EXERCISE DIRECTIONS: Of the entries below, restate word for word only the section that runs from the line with "MuchoWow Broodtrommel Roze" to the line with "L-Teanina 200mg - 100", counting both ends.

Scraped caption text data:
'''
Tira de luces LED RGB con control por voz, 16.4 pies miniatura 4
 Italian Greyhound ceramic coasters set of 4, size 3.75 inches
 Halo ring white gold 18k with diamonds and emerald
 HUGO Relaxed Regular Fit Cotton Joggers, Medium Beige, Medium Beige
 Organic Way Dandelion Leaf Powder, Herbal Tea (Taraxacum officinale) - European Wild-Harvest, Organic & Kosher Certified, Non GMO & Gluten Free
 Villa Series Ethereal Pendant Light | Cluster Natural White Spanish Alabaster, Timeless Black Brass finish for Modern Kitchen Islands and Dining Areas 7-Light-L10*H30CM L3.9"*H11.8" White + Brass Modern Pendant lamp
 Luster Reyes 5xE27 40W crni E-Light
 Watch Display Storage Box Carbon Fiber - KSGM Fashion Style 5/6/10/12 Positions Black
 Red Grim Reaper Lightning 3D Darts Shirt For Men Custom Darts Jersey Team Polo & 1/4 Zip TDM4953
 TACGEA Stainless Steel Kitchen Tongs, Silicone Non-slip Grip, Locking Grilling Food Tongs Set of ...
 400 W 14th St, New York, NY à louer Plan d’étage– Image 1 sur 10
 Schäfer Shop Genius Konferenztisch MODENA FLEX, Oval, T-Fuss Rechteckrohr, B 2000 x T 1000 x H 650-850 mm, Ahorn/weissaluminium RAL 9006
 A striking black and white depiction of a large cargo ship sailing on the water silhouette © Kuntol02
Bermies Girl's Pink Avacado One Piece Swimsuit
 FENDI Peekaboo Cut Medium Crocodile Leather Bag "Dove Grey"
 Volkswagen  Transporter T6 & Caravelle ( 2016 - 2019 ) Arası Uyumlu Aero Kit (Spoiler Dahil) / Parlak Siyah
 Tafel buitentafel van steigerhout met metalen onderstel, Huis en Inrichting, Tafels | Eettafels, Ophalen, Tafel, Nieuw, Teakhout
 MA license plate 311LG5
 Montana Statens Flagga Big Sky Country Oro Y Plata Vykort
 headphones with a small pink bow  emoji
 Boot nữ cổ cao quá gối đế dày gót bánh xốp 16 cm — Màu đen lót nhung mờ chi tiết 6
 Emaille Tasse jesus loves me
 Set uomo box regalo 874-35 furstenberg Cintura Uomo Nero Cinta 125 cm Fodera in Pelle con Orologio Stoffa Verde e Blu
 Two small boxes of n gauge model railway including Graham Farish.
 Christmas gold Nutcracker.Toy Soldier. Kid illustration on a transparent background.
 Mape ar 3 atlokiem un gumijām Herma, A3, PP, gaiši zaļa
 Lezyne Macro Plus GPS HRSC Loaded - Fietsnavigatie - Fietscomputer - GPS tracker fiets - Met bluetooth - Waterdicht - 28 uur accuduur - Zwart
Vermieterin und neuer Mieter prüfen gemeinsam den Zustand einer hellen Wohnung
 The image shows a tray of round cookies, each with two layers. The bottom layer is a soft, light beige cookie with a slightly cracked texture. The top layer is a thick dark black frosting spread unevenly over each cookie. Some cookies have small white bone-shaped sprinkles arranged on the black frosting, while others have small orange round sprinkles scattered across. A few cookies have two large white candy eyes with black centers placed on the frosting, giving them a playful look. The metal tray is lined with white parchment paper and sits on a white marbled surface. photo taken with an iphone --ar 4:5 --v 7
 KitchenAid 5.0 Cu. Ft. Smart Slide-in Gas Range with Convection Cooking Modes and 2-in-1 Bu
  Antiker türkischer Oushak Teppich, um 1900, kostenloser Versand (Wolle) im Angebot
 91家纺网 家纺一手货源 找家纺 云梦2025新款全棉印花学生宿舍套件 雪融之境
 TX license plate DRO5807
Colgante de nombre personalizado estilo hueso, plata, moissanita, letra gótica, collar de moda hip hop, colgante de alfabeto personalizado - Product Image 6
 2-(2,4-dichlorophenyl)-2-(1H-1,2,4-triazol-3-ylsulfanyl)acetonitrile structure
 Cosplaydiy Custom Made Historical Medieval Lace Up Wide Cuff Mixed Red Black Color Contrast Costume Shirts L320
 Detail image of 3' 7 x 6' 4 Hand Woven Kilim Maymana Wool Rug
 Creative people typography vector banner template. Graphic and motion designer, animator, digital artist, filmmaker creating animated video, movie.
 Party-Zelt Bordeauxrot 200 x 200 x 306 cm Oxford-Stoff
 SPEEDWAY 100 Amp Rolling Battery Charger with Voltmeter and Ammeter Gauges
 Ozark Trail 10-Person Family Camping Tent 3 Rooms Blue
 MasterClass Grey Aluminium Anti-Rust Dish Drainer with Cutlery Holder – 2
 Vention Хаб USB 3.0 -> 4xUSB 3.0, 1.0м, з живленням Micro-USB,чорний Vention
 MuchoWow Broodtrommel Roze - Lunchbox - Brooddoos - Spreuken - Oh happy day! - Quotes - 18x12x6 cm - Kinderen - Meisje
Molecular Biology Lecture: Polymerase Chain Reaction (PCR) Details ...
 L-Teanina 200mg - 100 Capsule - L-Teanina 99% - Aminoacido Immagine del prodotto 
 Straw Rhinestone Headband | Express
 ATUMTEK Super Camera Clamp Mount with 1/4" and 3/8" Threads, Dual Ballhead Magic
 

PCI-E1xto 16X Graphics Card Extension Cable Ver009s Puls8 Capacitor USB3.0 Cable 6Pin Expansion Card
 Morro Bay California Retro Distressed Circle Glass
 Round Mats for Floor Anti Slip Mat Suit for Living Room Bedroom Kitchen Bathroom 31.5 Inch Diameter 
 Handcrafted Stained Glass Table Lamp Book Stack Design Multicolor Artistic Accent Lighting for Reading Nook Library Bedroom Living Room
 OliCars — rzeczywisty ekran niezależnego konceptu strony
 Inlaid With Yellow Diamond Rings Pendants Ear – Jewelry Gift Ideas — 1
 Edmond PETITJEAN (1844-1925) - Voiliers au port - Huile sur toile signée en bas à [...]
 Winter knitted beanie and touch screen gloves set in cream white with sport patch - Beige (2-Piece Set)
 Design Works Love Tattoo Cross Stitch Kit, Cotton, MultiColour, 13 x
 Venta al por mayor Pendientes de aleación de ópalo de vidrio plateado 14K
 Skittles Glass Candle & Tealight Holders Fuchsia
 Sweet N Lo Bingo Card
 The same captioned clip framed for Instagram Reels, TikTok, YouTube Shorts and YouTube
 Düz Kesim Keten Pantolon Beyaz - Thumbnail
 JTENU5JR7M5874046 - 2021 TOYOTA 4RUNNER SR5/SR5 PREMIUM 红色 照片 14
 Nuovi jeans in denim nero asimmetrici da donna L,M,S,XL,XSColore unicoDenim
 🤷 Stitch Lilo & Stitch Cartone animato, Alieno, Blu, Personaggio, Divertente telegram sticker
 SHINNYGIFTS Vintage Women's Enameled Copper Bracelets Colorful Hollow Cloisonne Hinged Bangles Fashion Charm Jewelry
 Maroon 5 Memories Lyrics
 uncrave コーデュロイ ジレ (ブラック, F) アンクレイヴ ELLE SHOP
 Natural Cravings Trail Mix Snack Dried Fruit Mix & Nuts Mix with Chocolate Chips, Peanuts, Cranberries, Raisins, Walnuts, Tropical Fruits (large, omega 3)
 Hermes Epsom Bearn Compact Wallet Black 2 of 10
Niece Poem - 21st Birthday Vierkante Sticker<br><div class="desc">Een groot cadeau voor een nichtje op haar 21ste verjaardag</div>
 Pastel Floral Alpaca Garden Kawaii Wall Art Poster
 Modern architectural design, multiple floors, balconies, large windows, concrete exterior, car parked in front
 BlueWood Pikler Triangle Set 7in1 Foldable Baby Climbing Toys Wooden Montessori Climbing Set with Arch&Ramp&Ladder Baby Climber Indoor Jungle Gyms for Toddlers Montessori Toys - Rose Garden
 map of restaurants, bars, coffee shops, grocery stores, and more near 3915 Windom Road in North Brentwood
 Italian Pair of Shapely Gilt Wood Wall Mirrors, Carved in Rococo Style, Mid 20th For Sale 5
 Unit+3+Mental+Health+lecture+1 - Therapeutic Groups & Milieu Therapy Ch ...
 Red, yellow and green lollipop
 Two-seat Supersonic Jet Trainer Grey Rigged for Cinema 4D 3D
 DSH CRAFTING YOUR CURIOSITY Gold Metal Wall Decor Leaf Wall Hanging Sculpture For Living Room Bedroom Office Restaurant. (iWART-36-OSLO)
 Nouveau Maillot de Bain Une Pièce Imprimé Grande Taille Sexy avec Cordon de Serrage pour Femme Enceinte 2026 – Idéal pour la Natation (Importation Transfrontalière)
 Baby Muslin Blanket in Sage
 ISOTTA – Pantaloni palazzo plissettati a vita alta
'''
ANSWER BOX:
 MuchoWow Broodtrommel Roze - Lunchbox - Brooddoos - Spreuken - Oh happy day! - Quotes - 18x12x6 cm - Kinderen - Meisje
Molecular Biology Lecture: Polymerase Chain Reaction (PCR) Details ...
 L-Teanina 200mg - 100 Capsule - L-Teanina 99% - Aminoacido Immagine del prodotto 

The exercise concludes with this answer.